Middle and High School Ice Breakers Ideas
The first day of school – it will be here before we know it! The excitement, nervousness, anxiousness, curiosity, enthusiasm……and I can only image how the students will be feeling! Each year I felt like it was a chance to start over new; to improve upon what I did the previous year or how I did it. I always started every class with an ice breaker of some kind. I think ice breakers make such an impact on how a class dynamic starts off the year. It helps students connect ( I was always amazed that some of my students didn’t know each other even though they’ve been in school together for several years in a very small district), makes them feel more comfortable in your classroom, lets them get to know your personality instead of just You, The Teacher, if you have a new student starting in the school, it can help them fit in and get to know their new classmates, and it can help students who have gone to school together for years identify connections they didn’t know existed. If you do a lot of group work in your classroom, ice breakers and team building exercises can help with working in pairs/groups later on, it can lead to better class discussions as the students get more comfortable with each other quickly, and it can give you an opportunity to talk about classroom expectations and what an activity should look like in your room.

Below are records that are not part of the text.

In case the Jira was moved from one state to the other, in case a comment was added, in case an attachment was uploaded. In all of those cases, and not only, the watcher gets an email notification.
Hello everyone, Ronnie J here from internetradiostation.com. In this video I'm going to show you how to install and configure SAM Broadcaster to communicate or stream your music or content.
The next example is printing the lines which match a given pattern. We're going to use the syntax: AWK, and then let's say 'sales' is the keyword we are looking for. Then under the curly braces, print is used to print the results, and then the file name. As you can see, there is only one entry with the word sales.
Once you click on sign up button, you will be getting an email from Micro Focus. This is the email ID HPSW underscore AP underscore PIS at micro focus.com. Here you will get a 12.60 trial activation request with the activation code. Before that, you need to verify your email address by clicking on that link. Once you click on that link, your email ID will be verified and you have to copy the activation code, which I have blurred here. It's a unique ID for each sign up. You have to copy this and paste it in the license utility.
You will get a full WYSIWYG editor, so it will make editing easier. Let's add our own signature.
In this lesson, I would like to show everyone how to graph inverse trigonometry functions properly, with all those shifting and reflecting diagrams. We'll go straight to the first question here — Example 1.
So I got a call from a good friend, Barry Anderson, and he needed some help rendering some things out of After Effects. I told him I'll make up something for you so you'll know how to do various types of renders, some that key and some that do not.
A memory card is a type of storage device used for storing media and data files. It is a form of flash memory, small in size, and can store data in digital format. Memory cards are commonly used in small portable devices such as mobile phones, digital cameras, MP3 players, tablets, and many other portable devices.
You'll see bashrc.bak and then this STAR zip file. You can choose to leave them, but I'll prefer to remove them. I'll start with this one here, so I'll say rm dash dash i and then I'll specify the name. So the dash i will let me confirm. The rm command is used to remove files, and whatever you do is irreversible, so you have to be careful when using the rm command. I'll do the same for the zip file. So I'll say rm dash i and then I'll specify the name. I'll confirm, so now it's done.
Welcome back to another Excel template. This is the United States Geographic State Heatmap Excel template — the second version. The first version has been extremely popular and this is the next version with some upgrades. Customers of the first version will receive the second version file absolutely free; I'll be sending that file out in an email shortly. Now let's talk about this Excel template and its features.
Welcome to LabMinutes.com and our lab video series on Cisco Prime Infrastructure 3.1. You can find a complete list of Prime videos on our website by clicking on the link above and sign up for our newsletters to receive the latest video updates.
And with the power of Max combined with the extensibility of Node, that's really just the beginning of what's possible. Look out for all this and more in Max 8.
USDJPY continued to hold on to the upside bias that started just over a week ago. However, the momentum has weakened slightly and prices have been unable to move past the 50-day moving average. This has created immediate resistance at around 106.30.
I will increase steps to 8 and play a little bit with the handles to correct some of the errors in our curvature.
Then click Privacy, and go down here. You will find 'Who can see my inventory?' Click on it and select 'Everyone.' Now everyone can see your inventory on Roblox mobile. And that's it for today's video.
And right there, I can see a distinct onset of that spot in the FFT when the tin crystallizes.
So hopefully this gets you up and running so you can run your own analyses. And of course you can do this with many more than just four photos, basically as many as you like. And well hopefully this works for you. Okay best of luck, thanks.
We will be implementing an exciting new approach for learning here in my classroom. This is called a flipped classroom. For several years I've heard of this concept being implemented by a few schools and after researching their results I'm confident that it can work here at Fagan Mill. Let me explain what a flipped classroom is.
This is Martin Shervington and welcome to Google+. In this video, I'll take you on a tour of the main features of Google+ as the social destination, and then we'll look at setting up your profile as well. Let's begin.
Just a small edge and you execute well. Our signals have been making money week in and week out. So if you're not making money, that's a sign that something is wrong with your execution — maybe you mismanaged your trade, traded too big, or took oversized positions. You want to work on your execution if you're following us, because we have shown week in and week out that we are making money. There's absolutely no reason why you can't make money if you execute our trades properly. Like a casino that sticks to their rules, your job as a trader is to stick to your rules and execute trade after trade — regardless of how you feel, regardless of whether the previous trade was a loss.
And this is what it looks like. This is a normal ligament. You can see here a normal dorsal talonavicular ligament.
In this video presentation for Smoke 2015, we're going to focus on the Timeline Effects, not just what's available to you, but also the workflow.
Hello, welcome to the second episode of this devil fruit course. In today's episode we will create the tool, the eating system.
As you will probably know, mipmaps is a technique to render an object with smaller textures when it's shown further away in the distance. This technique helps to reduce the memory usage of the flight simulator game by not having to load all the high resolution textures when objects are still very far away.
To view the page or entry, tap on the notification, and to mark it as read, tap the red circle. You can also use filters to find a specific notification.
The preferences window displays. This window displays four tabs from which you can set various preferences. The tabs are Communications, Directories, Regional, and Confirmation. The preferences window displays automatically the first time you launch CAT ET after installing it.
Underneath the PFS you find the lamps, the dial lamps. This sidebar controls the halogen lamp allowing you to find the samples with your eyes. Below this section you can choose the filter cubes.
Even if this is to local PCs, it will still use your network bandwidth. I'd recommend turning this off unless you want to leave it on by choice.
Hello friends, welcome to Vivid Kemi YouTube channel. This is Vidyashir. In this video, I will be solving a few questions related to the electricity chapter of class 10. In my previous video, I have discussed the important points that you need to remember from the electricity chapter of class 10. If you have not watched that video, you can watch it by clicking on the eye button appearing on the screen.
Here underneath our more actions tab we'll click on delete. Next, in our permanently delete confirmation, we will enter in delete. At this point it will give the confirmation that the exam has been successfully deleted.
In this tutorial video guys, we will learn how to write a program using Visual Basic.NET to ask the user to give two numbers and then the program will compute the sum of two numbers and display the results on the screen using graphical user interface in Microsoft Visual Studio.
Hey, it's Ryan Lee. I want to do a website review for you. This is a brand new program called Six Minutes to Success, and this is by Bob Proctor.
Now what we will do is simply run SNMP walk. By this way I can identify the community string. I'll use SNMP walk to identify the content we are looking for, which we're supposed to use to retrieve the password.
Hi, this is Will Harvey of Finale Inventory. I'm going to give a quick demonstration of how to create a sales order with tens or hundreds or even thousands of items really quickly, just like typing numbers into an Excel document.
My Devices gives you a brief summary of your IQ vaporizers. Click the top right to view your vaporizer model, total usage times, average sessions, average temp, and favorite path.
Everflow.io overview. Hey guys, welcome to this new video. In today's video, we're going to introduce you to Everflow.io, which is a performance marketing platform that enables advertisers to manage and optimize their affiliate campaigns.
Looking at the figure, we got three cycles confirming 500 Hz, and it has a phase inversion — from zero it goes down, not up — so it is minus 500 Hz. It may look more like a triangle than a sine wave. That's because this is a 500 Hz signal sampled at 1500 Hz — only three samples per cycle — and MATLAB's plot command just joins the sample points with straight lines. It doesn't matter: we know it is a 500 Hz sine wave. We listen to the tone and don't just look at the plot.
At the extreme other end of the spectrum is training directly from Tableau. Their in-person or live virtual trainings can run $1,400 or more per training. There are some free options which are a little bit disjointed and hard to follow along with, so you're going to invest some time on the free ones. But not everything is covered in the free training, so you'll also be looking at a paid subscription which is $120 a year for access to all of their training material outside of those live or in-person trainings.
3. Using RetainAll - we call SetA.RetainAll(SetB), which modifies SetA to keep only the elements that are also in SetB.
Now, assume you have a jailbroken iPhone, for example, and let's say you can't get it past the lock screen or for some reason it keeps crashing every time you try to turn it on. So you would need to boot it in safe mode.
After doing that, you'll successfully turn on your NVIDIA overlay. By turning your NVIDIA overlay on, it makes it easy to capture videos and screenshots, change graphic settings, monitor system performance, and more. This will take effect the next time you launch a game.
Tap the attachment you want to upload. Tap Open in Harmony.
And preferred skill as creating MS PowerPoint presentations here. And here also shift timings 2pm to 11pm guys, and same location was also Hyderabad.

There are A TON of options when it comes to ice breakers and team building exercises. You could do a search and find lots to choose from. Here are a couple of “get to know you” and “ice breaker” ideas:
1) Get To Know Me Worksheet: This is a worksheet that students fill out about themselves and/or their summer vacation experiences. HERE is a free “Get to know you” worksheet that I created. This is mostly appropriate for late elementary and middle school students, but my 9th graders always enjoyed things like this, too. This worksheet combines a little bit of info about the student as well as asking them some questions about their summer vacation. For the “info” questions, students write an expression that simplifies to the number that represents the answer about them. For example, (18+8)/2 would simplify to 13 for the “I am ___ years old” box. You could post these on a bulletin board and let students read about and get to know their classmates or you could read them aloud or have students trade and share.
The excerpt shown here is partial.